We left the first bar and went to another nearby. As soon as we entered, we saw three attractive but not necessarily unattainable girls sitting by the bar. Score!

To give you a better idea of the situation, allow me to list the dramatis personae:

- Bill Hansen, 26, former contestant on "Average Joe: Hawaii". Generously 5'6", generously 185 pounds, and generously 20 beers deep.
- Brian Powers, 26, "associate producer" (read: coffee boy). Was up at 4:30 in the morning for work and had been drinking since 4pm. Time when we entered the bar: 2:15am. Brian was barely breathing at this time.
- Joe Zadlo, 26, the handsomest of the group. Of course, just as it is with women, the best looking is always involved in the serious relationship, which was the case with Joe. And no, I'm not gay because I realize Joe is handsome. Leave me alone, ok?
- Jason Mulgrew, 25, one of the 50 most gorgeous men ever, alive or dead. Famous, fucking famous. And gorgeous. In his own mind.
I smoothly approached the bar to buy us drinks and also to eavesdrop on the girls' conversation. I thought maybe if I listened to their conversation, I could interject with some of the witty repartee that has made me America's Favorite Internet Quasi-Celebrity (notice the caps).
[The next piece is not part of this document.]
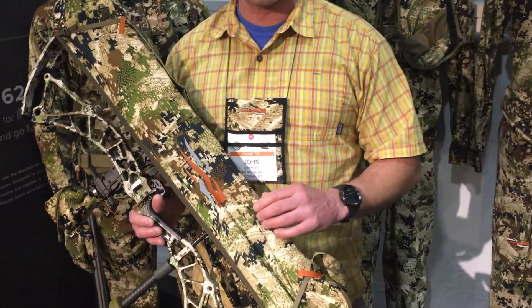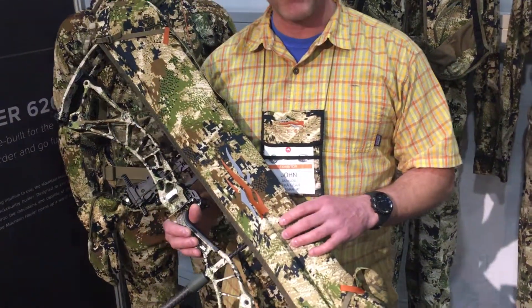So four-way stretch polyester. It's got a really nice camo print on it. It's going to come in sub-alpine, open country, and elevated too.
Hanging all over the girls was this extremely drunk, kind of sketchy British dude. It looked like an uncomfortable situation for the girls: this guy was hanging on the hottest one, and she was turning away from him, rolling her eyes, and trying to get him to buzz off. Eventually (and I mean eventually – he was there for a while), he got it and went away. And it was time for me to make these ladies' night.

Suavely, and more importantly, unthreateningly, I walked up to the ladies with an easy smile and said, "Man, that was brutal, huh?", referring to the guy who relentlessly hit on them.

Let's stop right there.

Now I wasn't expecting them to burst into laughter. Nor was I expecting them to start clawing each other's eyes out over who would be the first to give me a handjob for my comic relief. All I expected was some smiles and an opening, so I could come back with something like, "If you want, I'll go kick his ass. I did, like, three push-ups this morning, so I'm feeling pretty invincible right now."

Instead, the three girls looked at me, stared for a second or two, and then turned away.

Ouch baby, very ouch.

I slowly slinked away, much to the delight of my friends, who watched the approach, the attempt, and the horrible, horrible failure with great interest. To add insult to injury, the girls then got up and moved to another table in the bar. I think at this point Bill peed his pants a little bit because he was laughing so hard.

To be honest, I wasn't bothered by this. The delight it gave my friends far surpassed any hurt feelings I had, so it rolled right off me. But I think that I should re-think my approach. Instead of opening with a lame line, perhaps I should just be honest. Something like, "Listen, I'm not very good at this. But the good news is that I'm too drunk to have sex with you anyway. So I guess what I'm hoping for here is an hour or so of good conversation, followed by you and I going back to my apartment to slow dance to Bad English's 'When I See You Smile' before falling asleep. Then we'll wake up, go to the diner by my place, and have some eggs. Then sometime next week we'll get together again, I'll get you nice and drunk, and I will basically attack you with my sexual organs. Thoughts?"

You know what? I should print that line out and put it in my wallet now to use next weekend. Because otherwise I might forget and instead start with something like, "Did you ladies know that I won a silver medal in the National Latin Exam four years in a row from 1994 to 1997?" or "Do you girls want to see me drink a beer real fast then punch that bartender in the mouth?" Don't get me wrong - those lines are great, but perhaps their time has passed. Sigh.